Million Dollar Bridge

Market Street Bridge Construction
100 years ago

Spanning the River

The Market Street Bridge, also known as the Chief John Ross Bridge, spans the Tennessee River connecting Chattanooga’s downtown riverfront with the city’s North Shore commercial district. Constructed from 1914-1917, the steel and concrete bridge features a 310-foot double-leaf bascule lift steel span, which at the time of its construction was the largest of its kind in the world.
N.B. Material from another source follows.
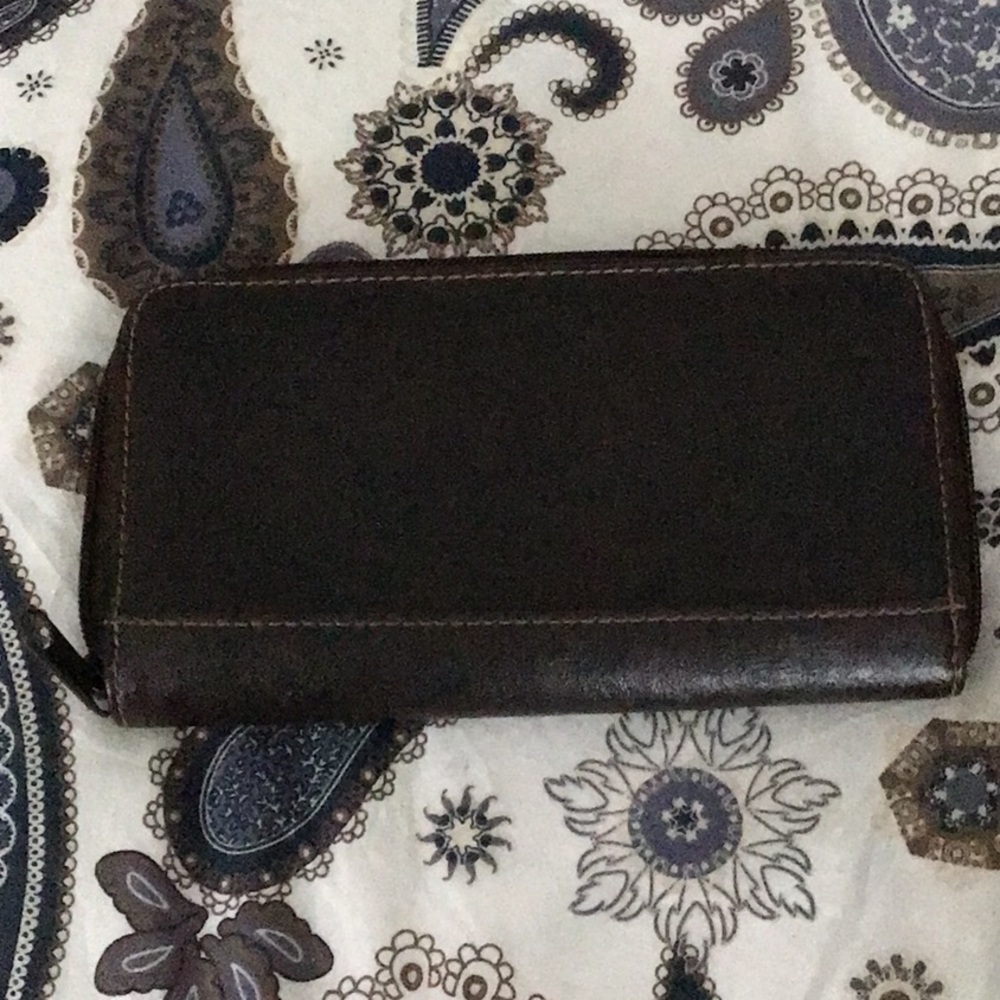 Women’s brand new leather zippered compartment wallet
Led by Hamilton County Judge Will Cummings, the demand for a new bridge across the Tennessee River evolved in the early 1910s with increasing residential development in North Chattanooga.

Quarterly Testing

Million Dollar Bridge

Two crews worked tirelessly on either side of the river mixing concrete and delivering 20-gallon buckets of concrete via cable lines that were supported by two, 200-foot steel towers on the north and south bank of the river. The mechanism, designed by Ernest Holmes and Barney Strickland of Holmes and Strickland Pattern Work Company, significantly reduced labor time. In addition, the concrete mixing machines on both sides of the river were created especially for the Market Street Bridge project to produce high quality concrete work in an efficient manner, which was something unheard of at its time.
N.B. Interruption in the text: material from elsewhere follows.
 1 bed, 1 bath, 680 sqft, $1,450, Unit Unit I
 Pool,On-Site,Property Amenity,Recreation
After repeated inspections, the bridge was officially dedicated and opened to the public on November 17, 1917. Three years after the start of construction, the Market Street Bridge was completed at a cost of $1.1 million. Officials celebrated the opening of the bridge with a parade and allowed the crowd to cross the bridge by vehicle and foot.
The first automobile to officially cross the Market Street Bridge was a Hudson Supersix.

Source information: National Register of Historic Places
Paul Archambault Southeast TN Development District

Thrown under the bus bridge

Several floods in 1915 and 1916 caused major delays on the bridge building and resulted in cost overruns. B.H.DAVIS who had been hired as the consulting engineer by the county, was blamed by the 'bridge commission' and let go.

Davis sued and, ultimately, in 1920, was vindicated and awarded damages.